I have followed this matter from its inception. And the treatment of Peter Hollingworth has been monstrous. A genuinely holy man has been given great anguish only because he was not politically correct. I did not know him well but I have spoken with him, shaken his hand and observed his joyous leadership of a eucharistic procession. And I have no doubt that he is a genuine Christian, a rarity in the Anglican episcopate.
His offence was to adopt a proper judicial attitude towards a serious accusation against one of of his priests. That was a great secular sin. Accusations of sexual abuse are expected by the Leftist press to be believed without question. In such matters the presumption of innocence is thrown out the window
He was a proper servant of his God in acting as he did. As it says in Deuteronomy 1:17: "Ye shall not respect persons in judgment; but ye shall hear the small as well as the great; ye shall not be afraid of the face of man; for the judgment is God’s"
It would have been easy for Hollingworth to hunt with the hounds and condemn a potentially innocent man but he did not. He refused to act on an unsubstantiated accusation. That was his sin. His integrity became his undoing. His only fault was insisting on proper evidence rather than immediately believing a sex abuse complaint
It sealed his downfall when John Howard made him governor general. That was intolerable to the Left and all sorts of exaggerated stories about him have been dredged up in additional to the original complaint
Five years ago, an Anglican church investigator said there was enough evidence on the public record to defrock the disgraced former Archbishop for his failure to act on evidence of sexual abuse in the church.
Yet, Dr Hollingworth remains a bishop and the 87-year-old draws a vice-regal pension worth hundreds of thousands of dollars a year.
Victim-survivors of Anglican abuse hope that will change after this week — when the church's special independent investigator, Kooyoora, finally hears the case against Dr Hollingworth.
In 2018, the ABC revealed that Dr Hollingworth was the subject of multiple complaints from survivors of abuse at the hands of Anglican clergy and teaching staff in the Brisbane diocese, where Dr Hollingworth served as archbishop in the 1990s.
Those complaints were investigated by Kooyoora but are still yet to be finalised, with the long-overdue hearing slated to begin on Monday.
"I'm not joking, this is probably the longest-running case of child abuse in the world,'' says Chris Goddard, an abuse expert and veteran advocate for survivors.
Victim blaming, the obfuscation of the church and constant delays reinforce the trauma for survivors, experts say.
Five years ago, the ABC revealed that a former Kooyoora director of professional standards told a sexual abuse survivor there was "…more than enough justification to prove [Dr Hollingworth's] unfitness to hold Holy Orders".
This fuelled the anger of survivors who have been waiting years for justice.

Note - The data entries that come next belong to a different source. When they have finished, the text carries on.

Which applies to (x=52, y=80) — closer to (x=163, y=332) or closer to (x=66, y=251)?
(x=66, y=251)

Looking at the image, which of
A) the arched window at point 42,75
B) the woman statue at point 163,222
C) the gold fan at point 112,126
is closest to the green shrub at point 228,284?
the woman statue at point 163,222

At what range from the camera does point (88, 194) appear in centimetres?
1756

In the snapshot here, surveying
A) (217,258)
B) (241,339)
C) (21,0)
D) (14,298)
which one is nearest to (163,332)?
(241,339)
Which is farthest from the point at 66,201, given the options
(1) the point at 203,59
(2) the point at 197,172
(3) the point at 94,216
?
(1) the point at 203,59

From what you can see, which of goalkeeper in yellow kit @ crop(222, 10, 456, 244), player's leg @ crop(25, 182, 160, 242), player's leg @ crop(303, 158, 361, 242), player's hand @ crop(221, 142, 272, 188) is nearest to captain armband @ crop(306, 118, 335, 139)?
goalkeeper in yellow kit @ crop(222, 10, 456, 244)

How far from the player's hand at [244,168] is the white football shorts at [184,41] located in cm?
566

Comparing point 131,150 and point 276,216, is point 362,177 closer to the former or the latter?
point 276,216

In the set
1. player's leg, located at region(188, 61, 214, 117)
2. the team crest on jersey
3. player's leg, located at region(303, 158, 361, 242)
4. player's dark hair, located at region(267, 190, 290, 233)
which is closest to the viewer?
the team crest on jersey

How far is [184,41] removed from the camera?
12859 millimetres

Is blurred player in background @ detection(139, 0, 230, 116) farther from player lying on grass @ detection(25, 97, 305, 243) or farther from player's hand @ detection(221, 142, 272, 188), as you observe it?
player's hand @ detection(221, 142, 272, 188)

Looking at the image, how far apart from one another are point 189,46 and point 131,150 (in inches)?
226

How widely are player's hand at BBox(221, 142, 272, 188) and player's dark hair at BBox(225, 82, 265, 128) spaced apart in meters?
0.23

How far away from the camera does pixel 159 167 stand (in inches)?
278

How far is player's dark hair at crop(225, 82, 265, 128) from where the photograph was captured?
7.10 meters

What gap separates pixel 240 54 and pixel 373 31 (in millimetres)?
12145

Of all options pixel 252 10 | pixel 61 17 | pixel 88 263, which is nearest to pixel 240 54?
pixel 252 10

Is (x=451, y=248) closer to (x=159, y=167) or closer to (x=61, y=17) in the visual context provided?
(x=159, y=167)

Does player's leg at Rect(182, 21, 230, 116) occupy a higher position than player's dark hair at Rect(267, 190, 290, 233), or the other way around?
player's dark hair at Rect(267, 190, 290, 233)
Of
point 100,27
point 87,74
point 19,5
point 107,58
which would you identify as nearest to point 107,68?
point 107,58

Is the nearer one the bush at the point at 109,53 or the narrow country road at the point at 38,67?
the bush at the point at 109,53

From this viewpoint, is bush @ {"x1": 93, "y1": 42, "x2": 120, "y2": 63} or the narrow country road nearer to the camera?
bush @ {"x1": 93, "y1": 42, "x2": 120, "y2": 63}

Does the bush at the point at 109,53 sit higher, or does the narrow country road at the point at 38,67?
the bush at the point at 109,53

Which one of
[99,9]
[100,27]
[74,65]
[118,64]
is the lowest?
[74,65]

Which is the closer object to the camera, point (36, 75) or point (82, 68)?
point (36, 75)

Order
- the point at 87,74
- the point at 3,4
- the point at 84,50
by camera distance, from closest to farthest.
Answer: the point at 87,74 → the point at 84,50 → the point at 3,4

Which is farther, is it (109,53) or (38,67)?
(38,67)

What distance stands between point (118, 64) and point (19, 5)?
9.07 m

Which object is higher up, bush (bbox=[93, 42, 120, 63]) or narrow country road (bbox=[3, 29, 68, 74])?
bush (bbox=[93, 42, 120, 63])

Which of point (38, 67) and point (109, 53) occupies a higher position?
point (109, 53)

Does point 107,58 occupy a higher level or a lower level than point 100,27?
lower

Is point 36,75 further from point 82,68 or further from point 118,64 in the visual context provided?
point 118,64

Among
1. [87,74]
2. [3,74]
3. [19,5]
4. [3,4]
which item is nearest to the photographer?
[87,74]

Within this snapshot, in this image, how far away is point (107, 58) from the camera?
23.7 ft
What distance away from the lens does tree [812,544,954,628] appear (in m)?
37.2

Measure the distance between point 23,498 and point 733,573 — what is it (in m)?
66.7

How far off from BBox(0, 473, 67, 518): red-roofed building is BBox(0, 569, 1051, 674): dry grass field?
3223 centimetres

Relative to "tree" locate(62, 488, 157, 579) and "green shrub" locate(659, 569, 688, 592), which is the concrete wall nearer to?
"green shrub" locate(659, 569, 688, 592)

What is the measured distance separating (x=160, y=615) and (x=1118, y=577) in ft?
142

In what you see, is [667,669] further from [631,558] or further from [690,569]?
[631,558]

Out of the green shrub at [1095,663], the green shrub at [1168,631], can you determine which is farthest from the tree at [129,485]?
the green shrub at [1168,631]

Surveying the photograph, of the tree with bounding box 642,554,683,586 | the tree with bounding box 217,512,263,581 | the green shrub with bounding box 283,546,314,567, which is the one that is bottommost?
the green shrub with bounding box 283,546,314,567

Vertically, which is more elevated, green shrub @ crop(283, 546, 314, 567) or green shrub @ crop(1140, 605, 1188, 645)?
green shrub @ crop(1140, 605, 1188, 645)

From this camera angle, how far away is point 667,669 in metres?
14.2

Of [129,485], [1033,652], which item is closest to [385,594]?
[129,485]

Despite survivors and their legal teams preparing for the upcoming hearings, the executive director of Kooyoora, Fiona Boyle, would not confirm if any hearing was taking place this week, nor if it involved Dr Hollingworth.
She says it is "terrible" if any matter takes five years to be dealt with, but has declined to comment on why this case has been delayed for so long.

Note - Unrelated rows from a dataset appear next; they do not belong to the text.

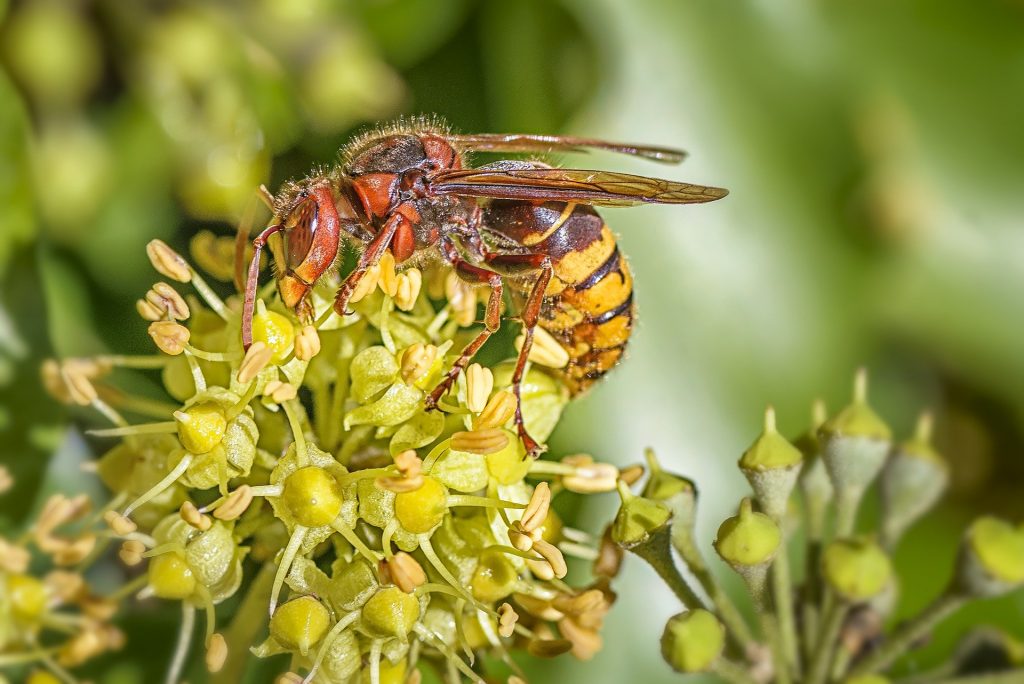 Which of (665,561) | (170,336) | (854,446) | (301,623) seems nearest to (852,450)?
(854,446)

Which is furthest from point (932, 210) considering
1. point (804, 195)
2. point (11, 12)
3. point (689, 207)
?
point (11, 12)

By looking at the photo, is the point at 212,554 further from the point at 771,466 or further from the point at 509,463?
the point at 771,466

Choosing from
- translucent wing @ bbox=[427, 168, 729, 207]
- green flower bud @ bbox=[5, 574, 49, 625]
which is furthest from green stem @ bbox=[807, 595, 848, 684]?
green flower bud @ bbox=[5, 574, 49, 625]

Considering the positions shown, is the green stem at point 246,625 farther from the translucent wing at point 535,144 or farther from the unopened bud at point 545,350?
the translucent wing at point 535,144

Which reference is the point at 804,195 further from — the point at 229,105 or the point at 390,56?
the point at 229,105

Archbishop Philip Freier is on leave, but an Anglican spokesman says: "Dr Hollingworth has a limited permission to officiate in the diocese. If a finding is made against him, that will be revisited accordingly."
"The complaint process regarding Bishop Hollingworth is, properly, entirely independent of the Diocese of Melbourne. The diocese has had no influence on the investigation, and the Archbishop cannot comment on the process."